In December, after negotiations had been in progress for some time, it became increasingly apparent that domestic copper supplies were not adequate to meet the requirements for national defense and normal civilian usage in this country. This situation is illustrated by statistics for October (latest available) which show that production of refined copper amounted to 83,076 tons, whereas domestic deliveries were 103,771 tons. In other words, there is a deficiency of approximately 20,000 tons per month, and in reflection thereof, stocks of refined copper have declined steadily from 215,823 tons at the end of July to 164,618 tons at the end of October. Consequently, the Advisory Commission to the Council of National Defense urged that action be taken to relieve the impending shortage. The agreement evolved did not confine purchases to Chile alone, although that country will furnish the bulk of them.

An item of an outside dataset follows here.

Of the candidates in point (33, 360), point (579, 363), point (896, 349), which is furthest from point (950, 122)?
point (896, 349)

From the foregoing, the British Government will understand that the agreement developed for the purchase of copper from the other American republics was motivated primarily by considerations of a strictly economic nature related to the defense program of this Government.

The Department weighed carefully the contents of the Embassy’s memorandum of November 22, and it was given consideration throughout [Page 306] the negotiations leading up to the recent copper purchase agreement. The British Government will understand, however, that the proposals embodied in this memorandum for a joint agreement for the purchase of copper contain considerations of a nature which could not at present be comprehended within the field of American action, as thus far developed.

The Department will, of course, be glad to keep in touch with the Embassy on the subject and discuss any related matters which may arise in the future.

  1. See resolution XXV, Economic and Financial Cooperation, Second Meeting of the Ministers of Foreign Affairs of the American Republics, Habana, July 21–30, 1940: Report of the Secretary of State (Washington, Government Printing Office, 1941), p. 80.